GONZAGA UNIVERSITY NEWS RELEASE
Dale Goodwin, Director
Peter Tormey, Associate Director

April 20 Marks 10th Anniversary of Deadly Rampage
SPOKANE, Wash. -- Gonzaga University Professor Albert Fein and former Gonzaga educator Nancy Isaacson are among a variety of scholars nationwide contributing to two special issues of the American Behavioral Scientist marking the 10th anniversary of the Columbine High School massacre.

Twelve students and a teacher were killed and 23 others were wounded on April 20, 1999, at the school near Denver and Littleton in unincorporated Jefferson County, Colo., when students Eric Harris and Dylan Klebold embarked on one of the deadliest shootings in U.S. history before they committed suicide.

Fein, an associate professor of education at Gonzaga, and Nancy Isaacson, a former associate professor in Gonzaga’s Doctoral Program in Leadership Studies and currently director for the Center for Organizational Reform, located in the Clare Center in Spokane, both contributed their expertise to the April and May issues of the scholarly publication. Their article is titled, “Echoes of Columbine: The Emotion Work of Leaders in School Shooting Sites” and appears in the April special issue of American Behavioral Scientist [http://abs.sagepub.com/], titled “The Lessons of Columbine, I” Vol. 52 No. 9. The second issue, focusing on media studies and policy groups resulting from the shootings, is Vol. 52 No. 10.

The authors describe how school leaders at seven sites where school shootings occurred engaged in surface and deep acting, two forms of emotion work (Hochschild, 1983, 1990) in response to their understanding about what feelings were appropriate in crisis situations. Data were drawn from three qualitative studies over a 9-year period. Analyses of data regarding emotion work yielded four lessons for school crisis leadership: (a) personal definitions of leadership-guided responses to the shooting; (b) the extent that the crisis changed leaders’ work; (c) the high personal toll paid by leaders; and (d) the change in the sense of what is possible. Ideas about leadership and emotion, including display rules, are culturally bound, which has implications for leadership training, development, and policy changes in schools.

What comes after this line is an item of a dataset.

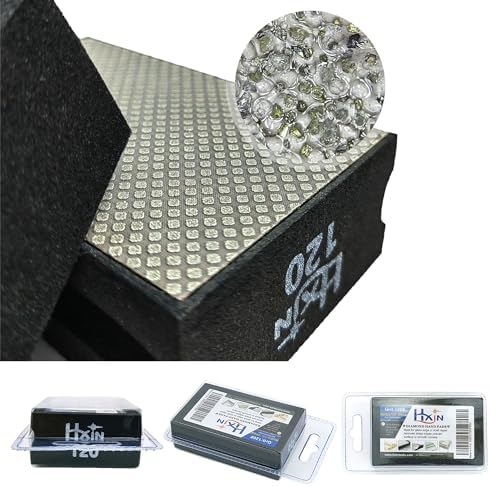 Diamond Hand Polishing Pad Diamond Sanding Block Foam Backed Diamond Sponge Sanding Pads for Wet or Dry Grinding polishing for Granite Marble Stone Tile Glass Ceramic (1, 120# Square)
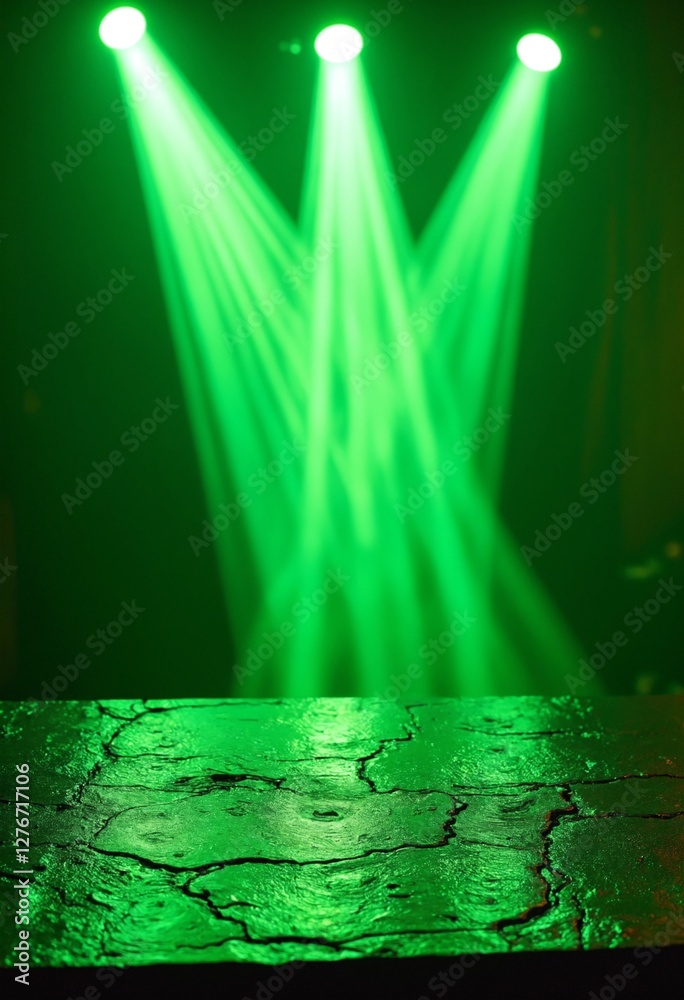 Aufkleber empty dark stone table with green fluorescent neon laser lights. party and night club concept backgr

Fein’s area of expertise focuses on crises leadership. His doctoral dissertation also addresses the Columbine shootings and was titled, “There and Back Again: A Phenomenological Inquiry of School Shootings as Experienced by School Leaders.” The dissertation received the Jepson Dissertation Award from the Jepson School of Leadership Studies in 2002. The purpose of Fein’s research was to explore how school leaders perceive and describe their experiences of school shooting incidents.